• TASK REQUIREMENTS
What is needed is an exact copy of the lines from the one containing "QAZA ZD2618-1 Women" through the last line of the records below, with no pictures.

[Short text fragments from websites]
* * * *

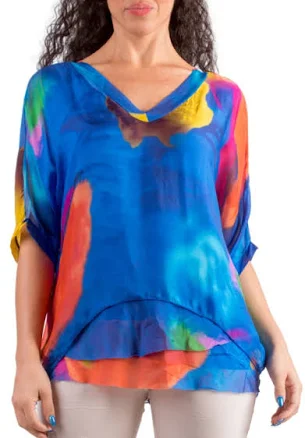 Silk Brushstroke Print Kaftan Blouse
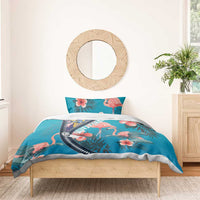 Turks and Caicos Islands Flamingo Bedding Set Zipper Stylized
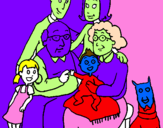Disegno Famiglia pitturato su lecchi stella andrea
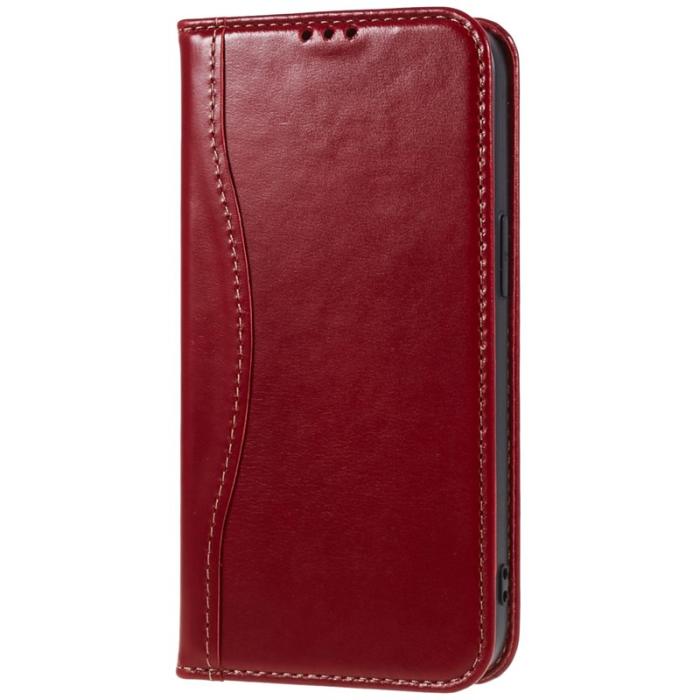 FIERRE SHANN - FIERRE SHANN iPhone 14 Fodral Äkta läder - Röd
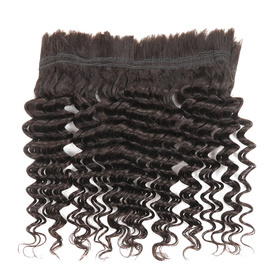 Deep Curly Bundles Human Braiding Hair Bulk Brazilian Hair Remy Hair Extensions Natural Color 100g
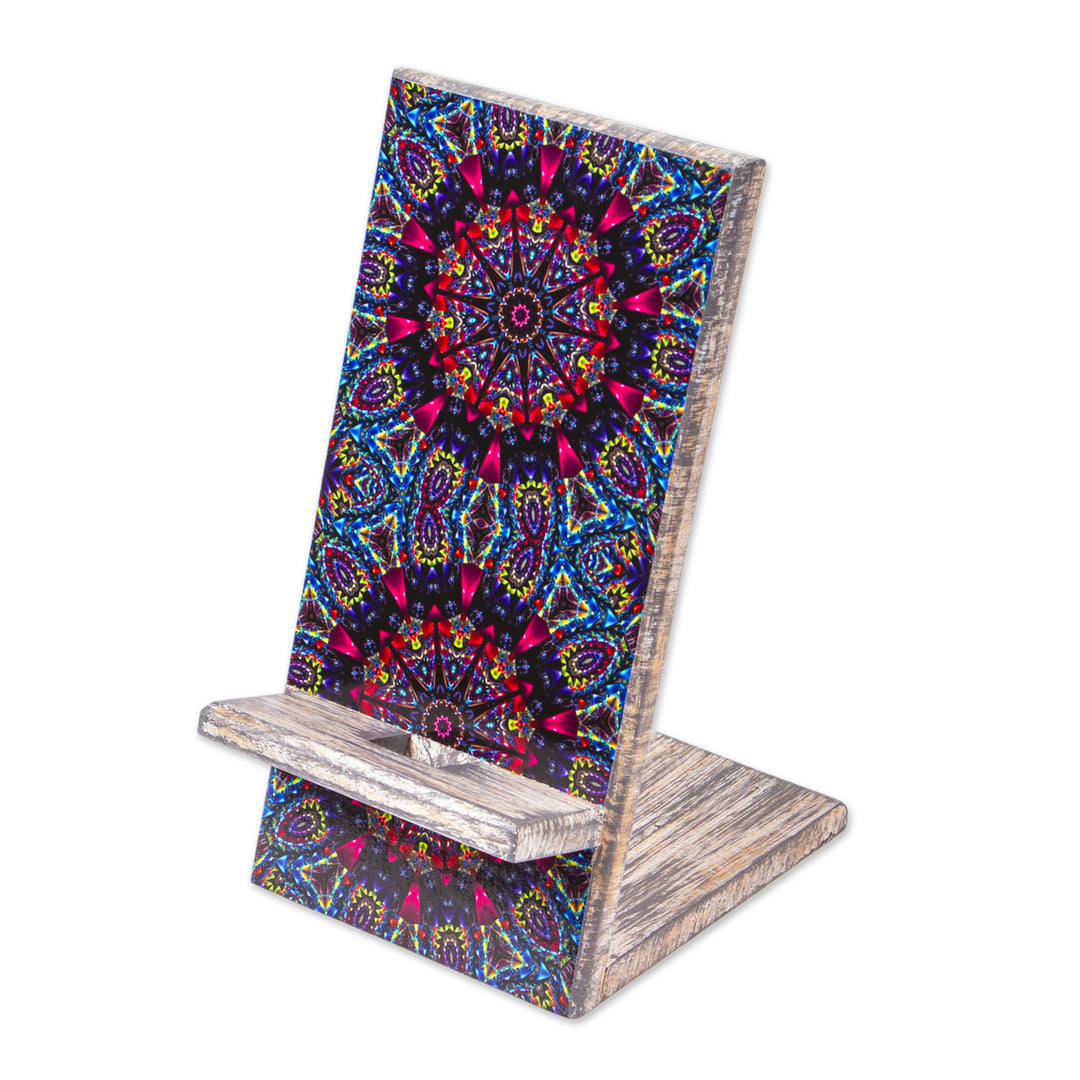 Decoupage Wood Phone Stand - Crazy Kaleidoscope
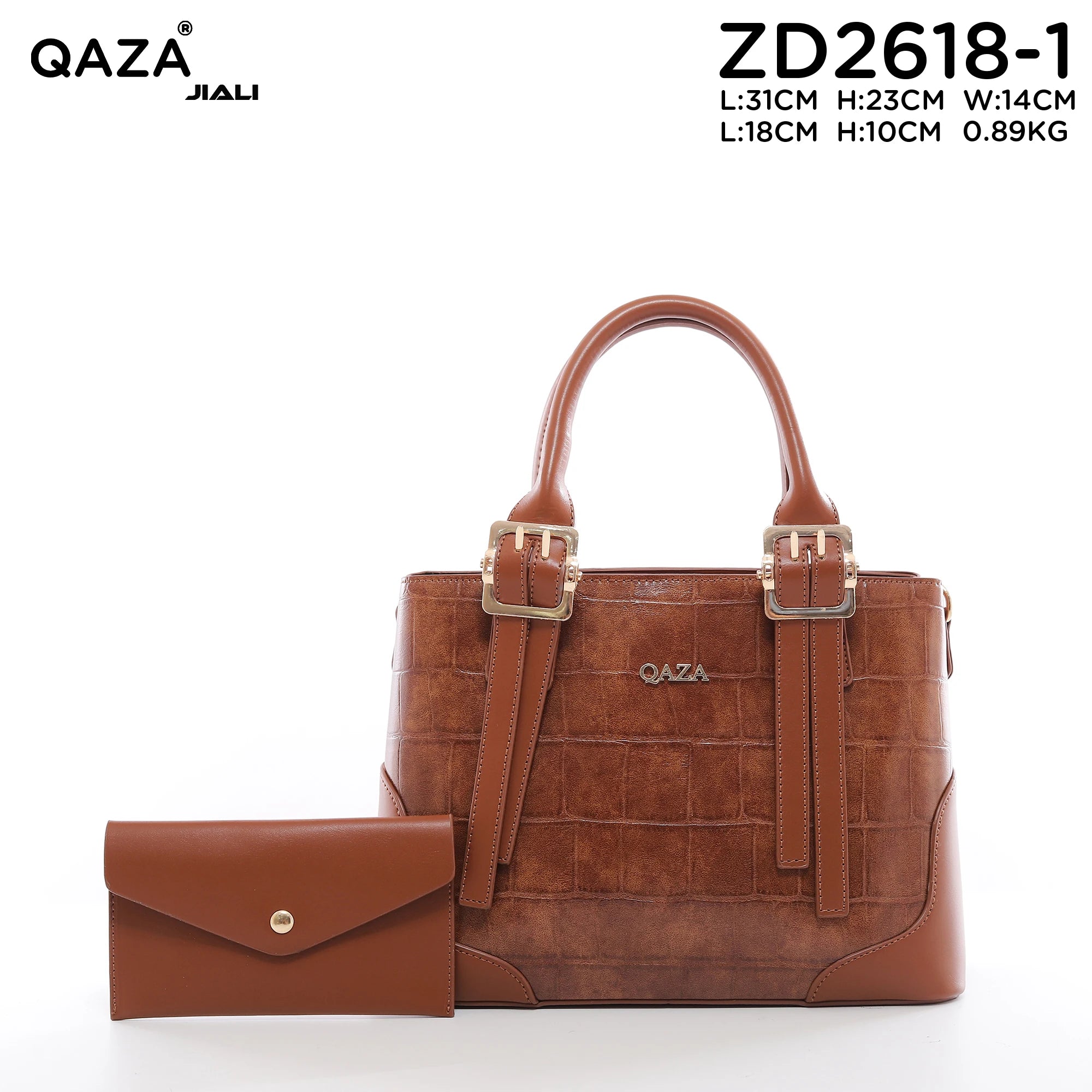 QAZA ZD2618-1 Women PU Crocodile Grain Leather Shoulder Bag Set With Long Wallet Vintage Gold Hardware Work Tote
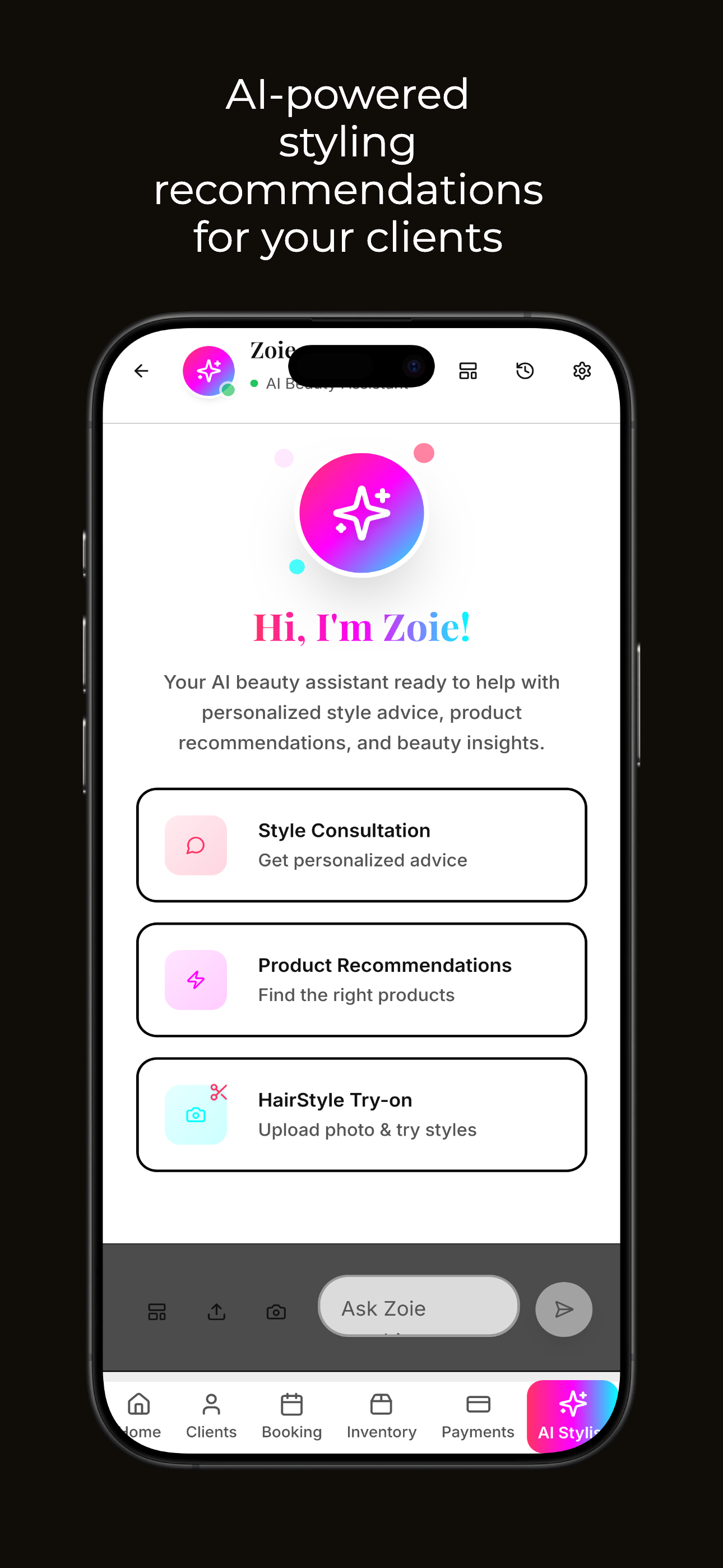Zoie AI assistant interface showing intelligent style recommendations and product suggestions for salon professionals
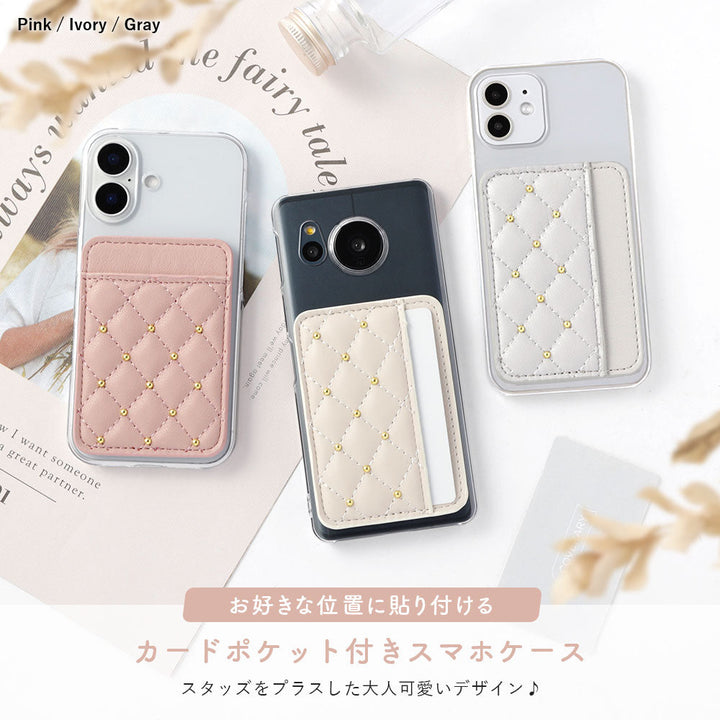 Clear case vegan leather matte smooth studs with selectable vertical/horizontal card pocket back case for Google Pixel series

* * * *

• ANSWER BOX
 QAZA ZD2618-1 Women PU Crocodile Grain Leather Shoulder Bag Set With Long Wallet Vintage Gold Hardware Work Tote
Zoie AI assistant interface showing intelligent style recommendations and product suggestions for salon professionals
 Clear case vegan leather matte smooth studs with selectable vertical/horizontal card pocket back case for Google Pixel series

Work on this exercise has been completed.